Monte Carlo: a distribution instead of a single number

The Monte Carlo method was born in Los Alamos in the 1940s, when Stanisław Ulam and John von Neumann needed to compute things mathematics could not solve head-on — so they let randomness decide, a thousand times over. The name comes from the casino where Ulam's uncle used to lose. Eighty years later it is one of the most honest tools a trader can unleash on a strategy. The principle has not changed: when you cannot trust a single outcome, generate a thousand of them and study the whole distribution.

One history is a sample of size one

Even the most rigorous backtest has one quiet weakness: it runs on a market that happened exactly this way.
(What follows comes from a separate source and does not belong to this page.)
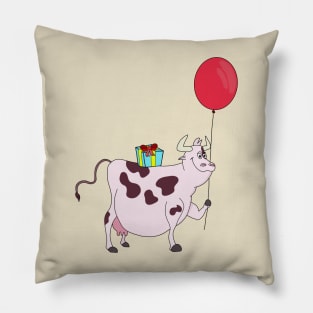 Happy Birthday Cow Pillow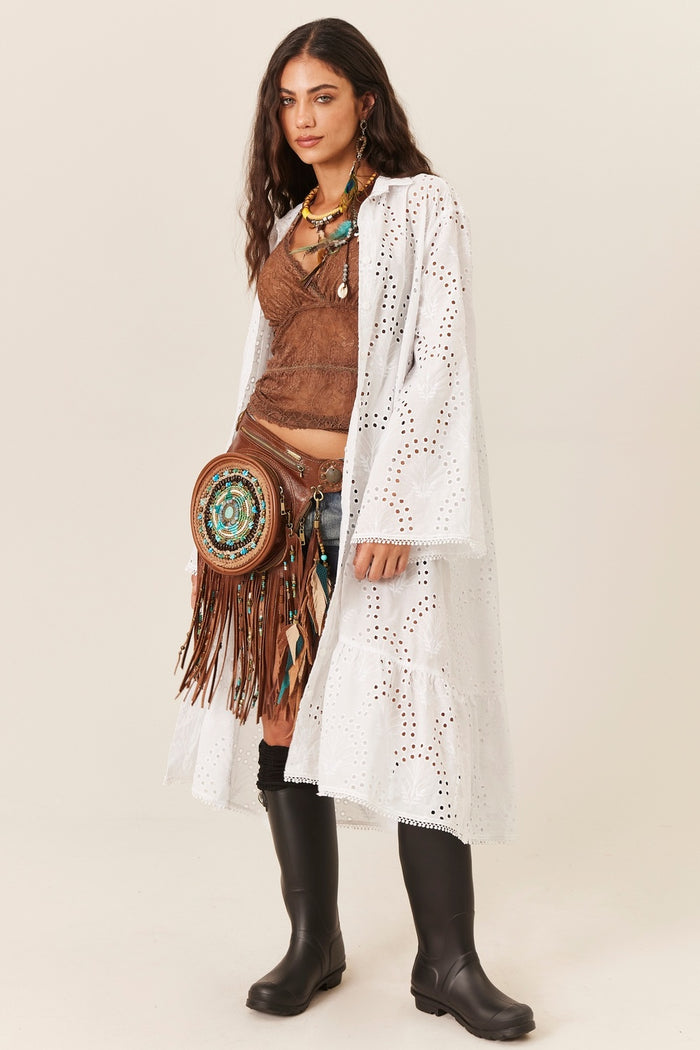 Vestido Midi Broderie Com Mangas Flare Branco Yacamim D12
Yet the specific path of prices is just one of infinitely many versions that “almost happened”. If a few exchange trades had executed a second differently, if one candle's wick had been a tenth of a percent longer — your strategy might have entered elsewhere, a stop-loss might (not) have triggered, and the result could look entirely different.

If a strategy's performance depends on the exact course of one history, you do not have a strategy — you have a bet that the past will repeat itself to the letter. It will not. A statistician would put it plainly: one equity curve is a sample of size one, and you do not build conclusions on a sample of one. How easily a strategy “memorizes” a single history is covered in our article on overfitting.

Markets that almost happened

Monte Carlo simulation attacks that weakness directly: it manufactures markets that never happened but easily could have. We inject controlled noise into historical prices — on the order of tenths of a percent, Gaussian (gentle waves around reality) or uniform (a harsher shake). One craftsmanship detail matters: the noise is applied to each price of the candle separately — open, high, low and close — and a naive perturbation would easily manufacture a candle that cannot exist: an open above the high, a close below the low. That is why the structure of every candle is re-enforced after noising: the high must remain the highest and the low the lowest point, open and close must lie between them — and the bid–ask spread must not fall apart. Only then does the altered market remain a market; otherwise you are not testing robustness, you are testing the strategy's behaviour on data that could never have occurred.

Each synthetic market is a fresh exam: the strategy trades the whole history again, with the same rules and the same parameters. Hundreds to thousands of runs (each with its own random seed, so any run can be reproduced) — and a single number becomes a distribution: a histogram of profits, a fan of equity curves, a distribution of drawdowns.

For completeness: there is a second family of Monte Carlo tests that shuffles the resulting trades instead of the data (their order, resampling) — it mainly probes the sequential risk of drawdowns. The two families complement each other; injecting noise into the data is the stricter one, because the strategy must make fresh decisions on prices it has never seen.

MONTE CARLO — EQUITY FAN CHART 5–95 % 25–75 % MEDIAN ORIGINAL BACKTEST START TIME EQUITY
Hundreds of runs on perturbed data form a fan. What matters is the median, the width of the band — and where the original backtest sits inside it.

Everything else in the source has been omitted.